Flash Storage Extinct Soon?

Let’s deconstruct the “flash will die” theory.

I’ve read about a articles recently predicting a sudden and abrupt end to the flash market. The rationale given was that as flash NAND gets cheaper, it also becomes less reliable. Here is due to the decreasing flash lithography and the increasing write density (choice of bits per cell). Each of those lowers the life expectancy of the technology. The concept is that, as this continues to happen, flash turns into unsustainable and the industry will move directly to something else.

While I agree that flash will someday get replaced by another technology, i don’t believe that’s going to happen anytime soon. Except for NVDIMM, most competing memory technology is five to 6 years faraway from being appropriate for the enterprise, and NVDIMM should be used only in small quantities as a result of cost.

There’s various technology that supports the flash NAND market. This includes flash controller technology that controls how and where flash is written. The difficulty with the “flash will die theory” is that it assumes that, because the flash NAND market advances, the encircling market will stand still. On the contrary, we’ve seen at the very least as much innovation in flash controllers as we’ve seen in flash NAND.

[Which flash is ideal for you? See our Quick Guide To Flash Storage Latency Wars.]

Another error on this theory is that it assumes that storage system builders won’t adapt and improve their technology. Again on the contrary, we’ve seen these system designers create technologies that minimize flash writes by leveraging deduplication and compression.

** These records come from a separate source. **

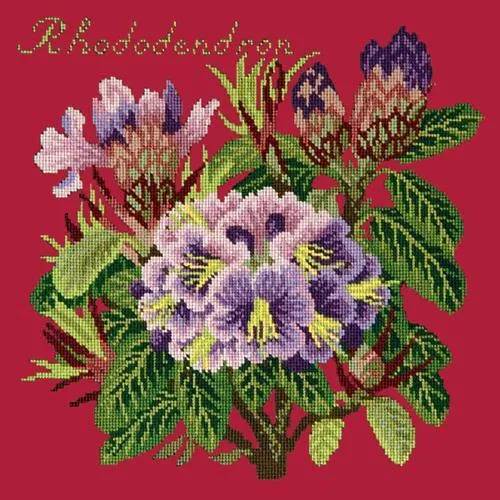 Rhododendron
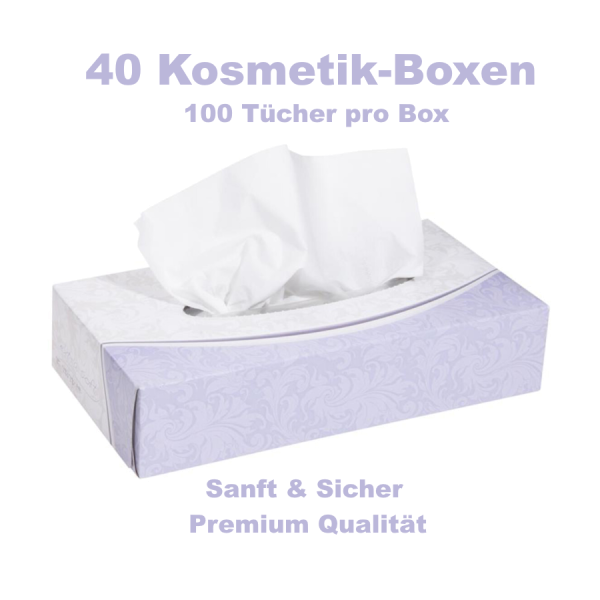40 Boxen Premium Kosmetikbox à 100 Tücher – Dekorbox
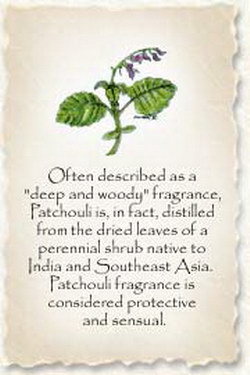 Click here to view larger image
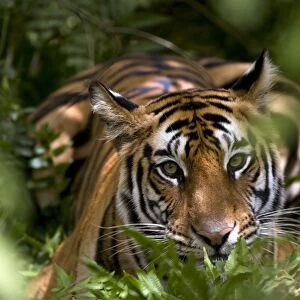 Female Indian Tiger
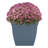Fulgentas Pot Planter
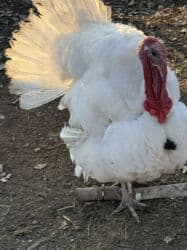 сколько стоит шотландская вислоухая кошка: Продаю | Индюк (самец), Индюшка (самка) | Северокавказская | На забой | Племенные — 6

We think these vendors to continue improving these technologies and increase their ability to compress and identify redundant data segments.

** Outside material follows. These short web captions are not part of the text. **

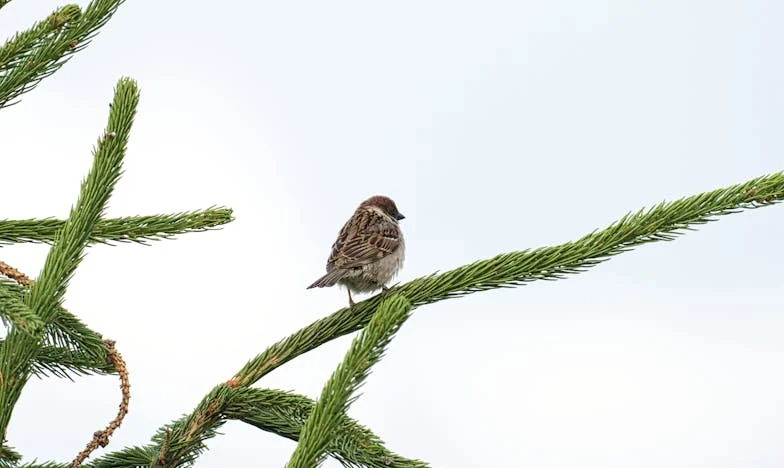 El testamento de la traición: Cuando el amor se convierte en un misterio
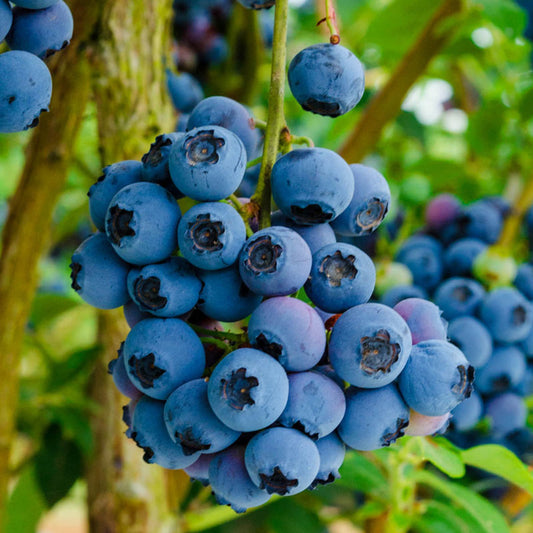 Reka Blueberry Bush Close-Up with Healthy Leaves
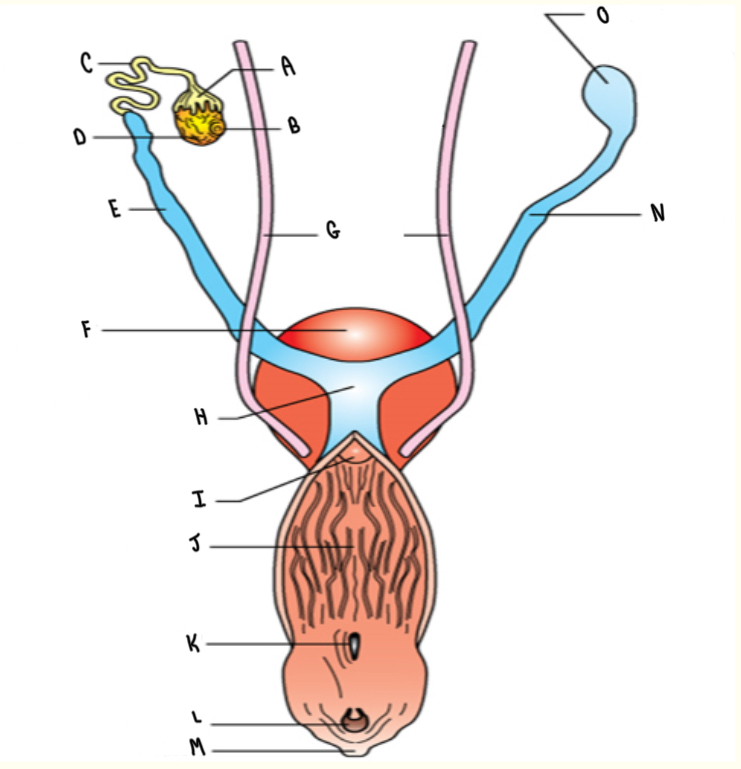 <p>What is the name of the structure labeled B?</p>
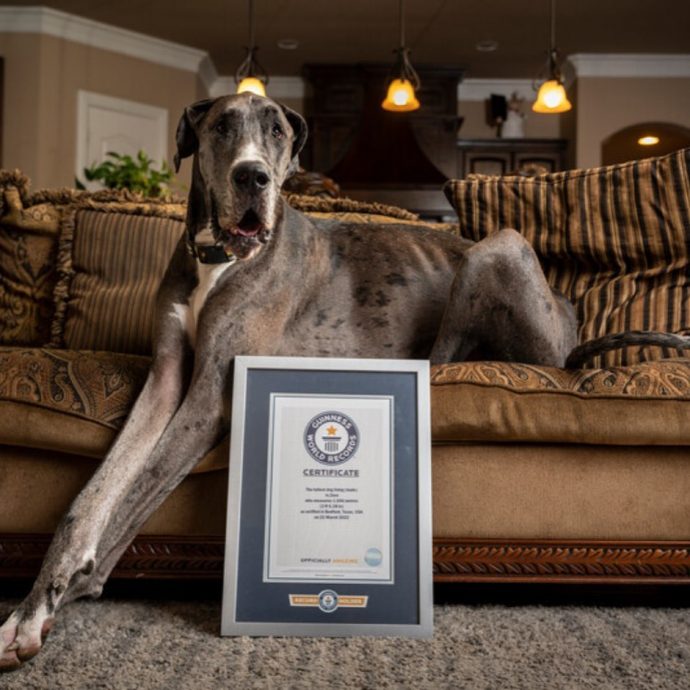 刚获世界最高犬认证4个月　大丹犬宙斯罹癌2周离世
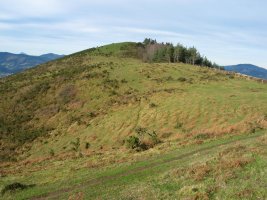 Hegoaldeko gandorretik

We also are commencing to see initial implementations of flash tiering, where data is in the beginning written to a small but more reliable single-level cell-based tier, then staged to multi-level cell because it stabilizes and becomes more read-only in nature. Going forward, these vendors could easily create a small SLC front end to behave as a shock absorber to initial data writes, after which leverage increasingly lower price and better density flash NANDs.

The final problem with the “flash will die” theory is that it assumes that flash-based storage systems have far to visit be cost competitive with traditional disk storage systems. It really is simply not the case. Most hybrid and all-flash systems are already claiming price parity with high-performance disk arrays, and in our research at Storage Switzerland, we discover that to be pretty accurate. Given a superb archiving strategy, we’re on the point where using flash for almost all (if not all) of your active data is a reality.

Buying power and influence are rapidly shifting to service providers. Where does that leave enterprise IT? Not on the leading edge, that’s needless to say: Only 19% are increasing both the number and capability of servers, budgets are level or down for 60% and just 12% are using new micro technology. Discover more within the 2014 State Of Server Technology report. (Free registration required.)